Moon’s liberal Democratic Party opened the online fundraiser at 9 a.m. and closed it an hour later after thousands signed up to donate, apparently far more than the party originally sought.
A total of 10,543 people signed up to crowdfund Moon’s campaign in just 61 minutes, while 4,488 of them have actually deposited or wire transferred a combined total of 32.98 billion won (US$28.9 million), according to party officials.
The party earlier planned to raise only 10 billion won through its first fundraising event. The Democratic Party earlier planned to hold additional fundraising events down the road. Party officials noted additional events may be unnecessary as they may have already raised enough funds for the election.
The money raised Wednesday will be used to pay for Moon’s campaign for the May 9 election, which could cost up to 50 billion won.
It will be paid back, with an annual interest of 3.6 percent, on July 19 when the party and its presidential nominee will have their costs reimbursed by the election watchdog, according to party officials.
Each candidate may be reimbursed up to 50.9 billion won, a ceiling placed by the National Election Commission, as long as they win more than 15 percent of all eligible votes cast in the upcoming election.
Those with less than 15 percent but more than 10 percent of the votes will have half of their costs returned, while those with less than 10 percent will end up poorer by the amount they spend over the 22-day campaign period that began Monday.

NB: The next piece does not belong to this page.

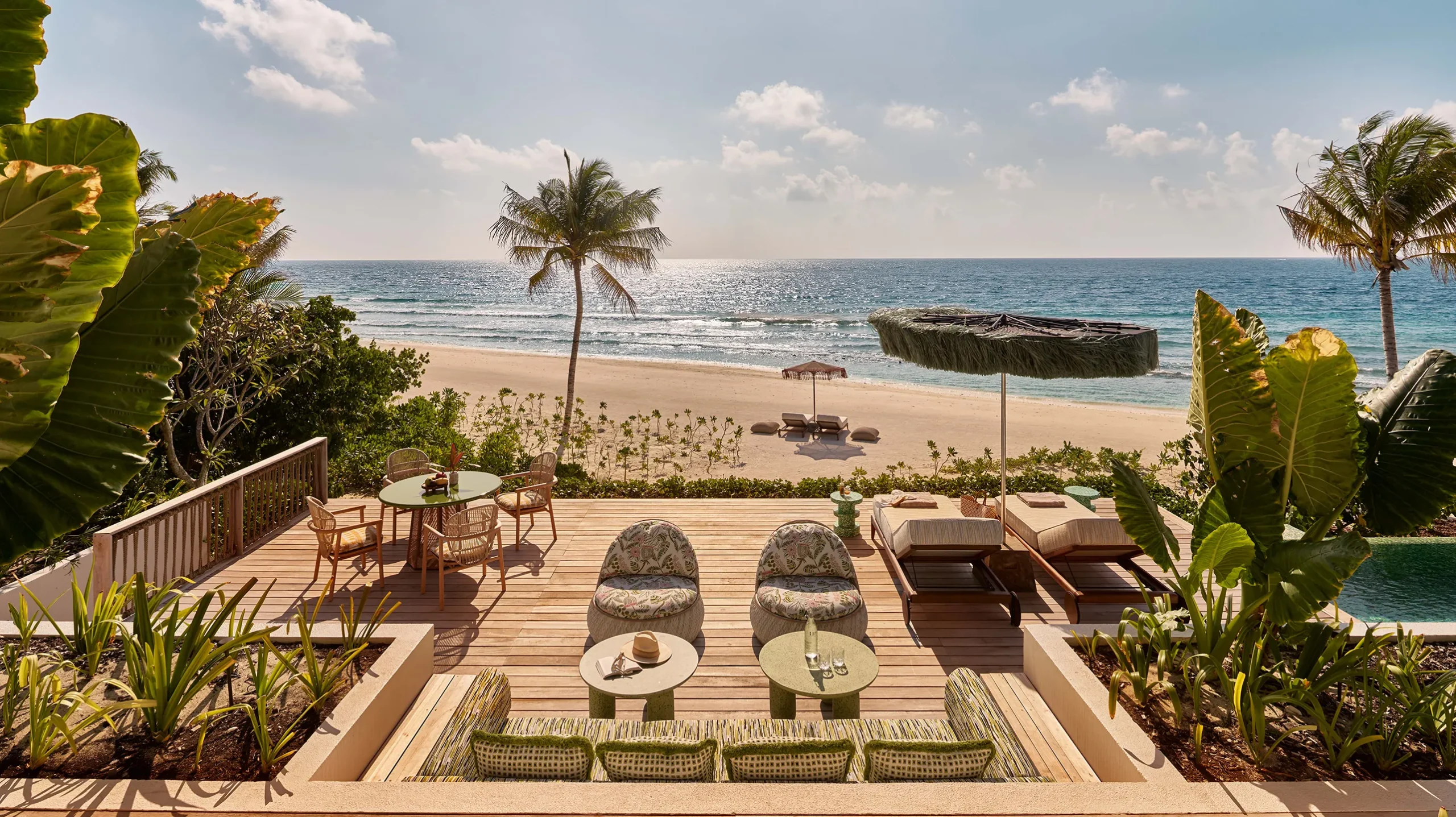 Blick von der Residenz zum Strand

A return on investment in Moon’s election fund is considered a sure bet as the liberal presidential nominee currently leads most opinion polls, enjoying an approval rating of over 40 percent in some.
The party officials said the election funds were designed to give people a chance to become part of shareholders in a regime change.
Moon, if elected, will be the country’s first liberal head of state in a decade since the late former President Roh Moo-hyun’s 2003-2008 presidency.